Notes on a bridge

Composer Joseph Bertolozzi has recorded sounds from the Mid-Hudson Bridge to create a new kind of symphony.

|
Courtesy of Blue Wings Press
Over a period of five days, Joseph Bertolozzi used contact microphones to record the sounds of the Mid-Hudson Bridge. He produced over 1,000 audio samples by hitting the bridge with wooden and metal mallets, logs, and hammers.
|
Courtesy of Blue Wings Press
Composer Joseph Bertolozzi attempts to play the Mid-Hudson Bridge like a violin by bowing a section of the bridge in Poughkeepsie, N.Y.

For most of his career Joseph Bertolozzi has written music for symphony orchestras. But his most recent composition was written for an instrument towering 135 feet above the Hudson River: The Franklin D. Roosevelt Bridge in Poughkeepsie, N.Y.

For five years the New York composer has been fixated on making the Franklin Delano Roosevelt Bridge (also known as the Mid-Hudson Bridge) sing.

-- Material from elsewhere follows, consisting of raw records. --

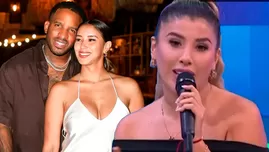 Yahaira opinó por comentario de Xiomy sobre canción a Farfán. | Fuente: América Televisión / Instagram Xiomy Kanashiro
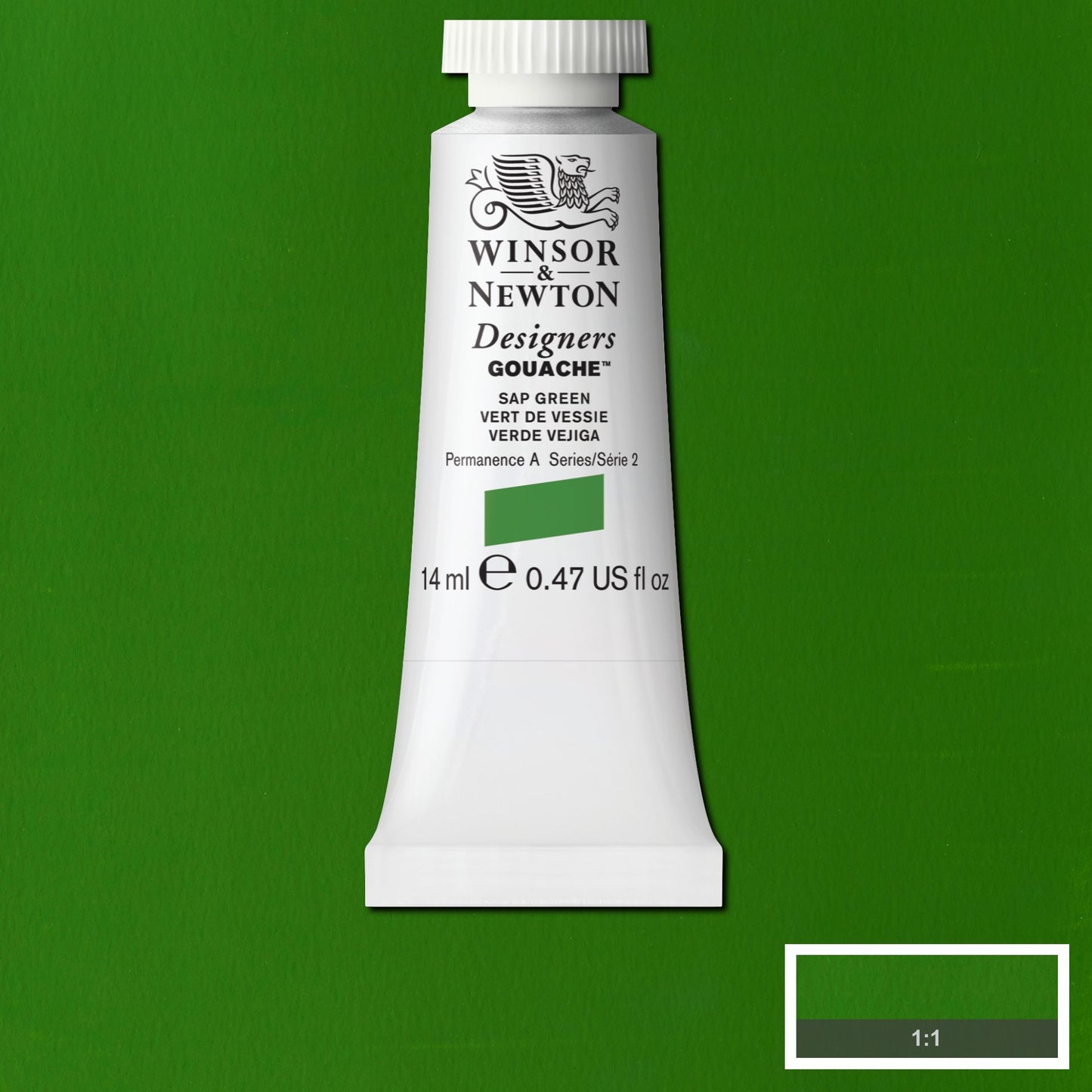 WINSOR & NEWTON Designers Gouache 14ml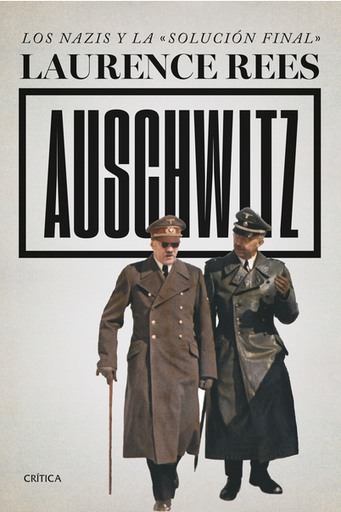 [9788491994947] AUSCHWITZ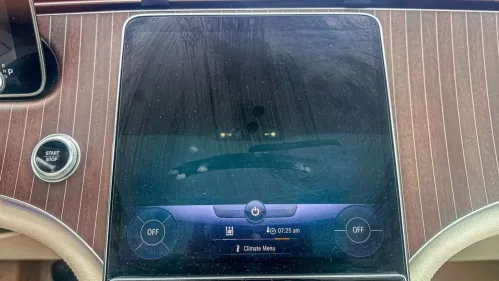 2023 Mercedes EQS SUV 4JGDM2EB0PA003315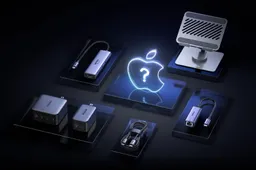Enhance your Apple devices with some handy UGREEN accessories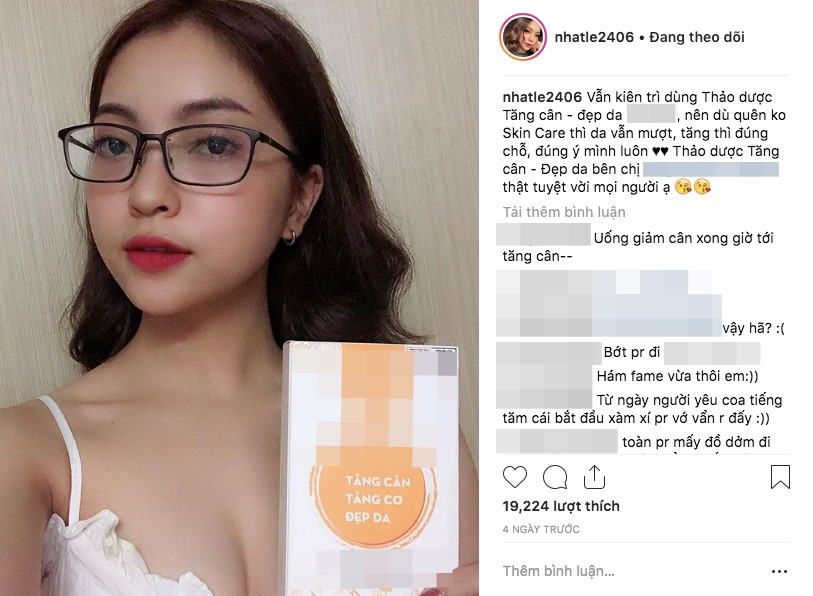 Bạn gái cầu thủ U23 Việt Nam và những lần gây tranh cãi trên mạng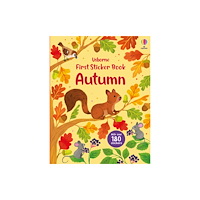 Usborne Publishing Ltd First Sticker Book Autumn (häftad, eng)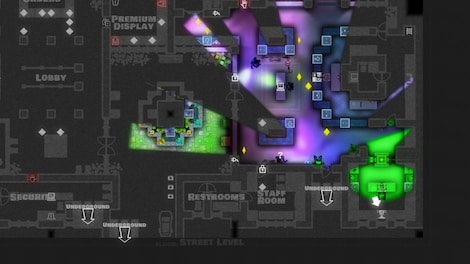 Monaco: What's Yours Is Mine (PC) - Steam Key - EUROPE - 8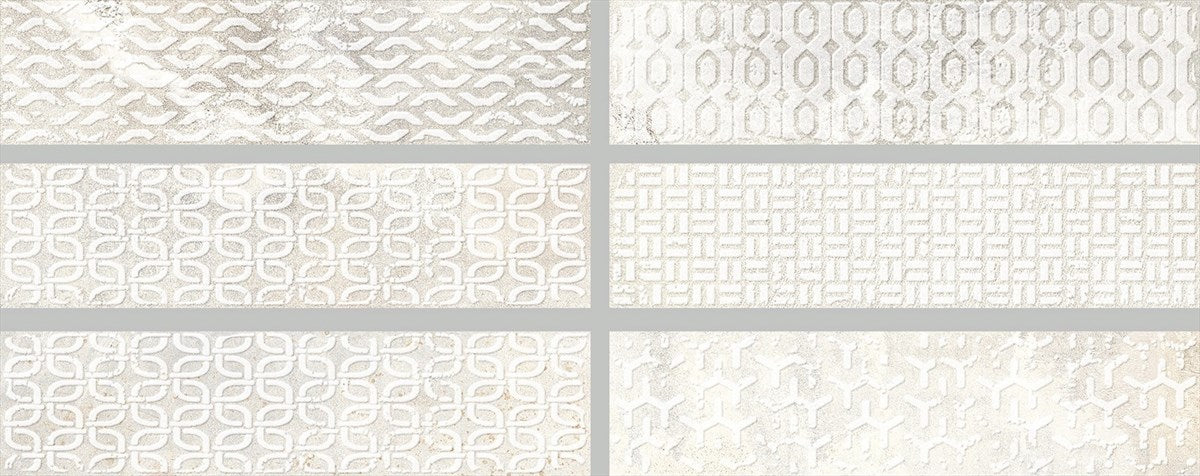 Almond Matt Mosaic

His whole love affair with the suspension bridge began in 2004 after his wife playfully gestured at a poster picturing the Eiffel Tower while making a musical noise. Bertolozzi says the random incident inspired him to find a way to play the Eiffel Tower, but not knowing anyone in Paris or how to speak French, he settled on finding a structure closer to home.

His quest was not easy. He made trips to the local library digging up books on bridge construction, physics, and metallurgy. He spoke to an engineer and learned about how different types of paint might affect the sounds he planned to record. And he met with the New York Bridge Authority many times to try and convince them that he was not a "nut case."

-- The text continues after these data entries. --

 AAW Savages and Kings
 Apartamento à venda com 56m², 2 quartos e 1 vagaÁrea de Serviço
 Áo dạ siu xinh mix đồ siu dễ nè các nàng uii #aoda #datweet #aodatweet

A year or two later, Bertolozzi found his bridge. Situated between Highland, N.Y., and Poughkeepsie, the Mid-Hudson Bridge became his coveted instrument.

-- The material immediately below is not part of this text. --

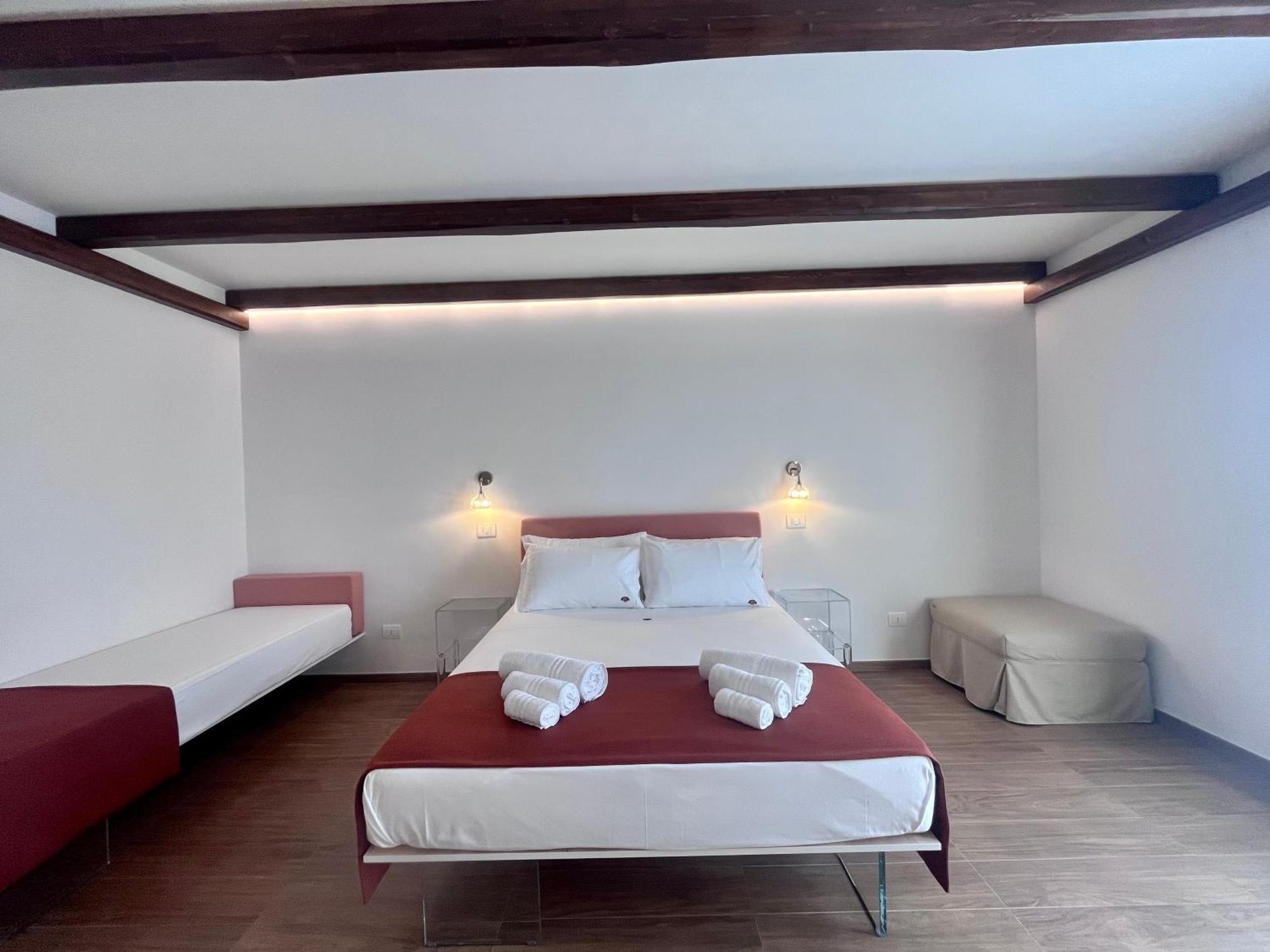 Ricordi Siciliani - Charme Rooms San Vito Lo Capo Bagian luar foto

Though he had found the perfect bridge, he would have little time to record music. Bertolozzi was only allotted three days in 2006 and two days in 2007 to record sounds from the bridge. Over those five days, he brought along a sound engineer and asked bridge laborers to record sounds that were higher up and harder to reach. Using contact microphones to capture the sounds, Bertolozzi struck the various parts of the bridge – including guardrails, spindles, and girders – with wooden and metal mallets, hammers, and logs. Within five days, he had recorded 1,000 samples, which he later categorized by sound and note in his computer to begin composing "Bridge Music."

The composition process was unlike anything he had ever experienced. "It's not tuned like a guitar or a piano," Bertolozzi says, noting that certain parts of the bridge when struck would create two or three notes simultaneously. Though he was accustomed to writing compositions for percussion and the organ, Bertolozzi's notation sheets for the bridge music featured rather different parts for 24 "musicians," such as guardrails and signs.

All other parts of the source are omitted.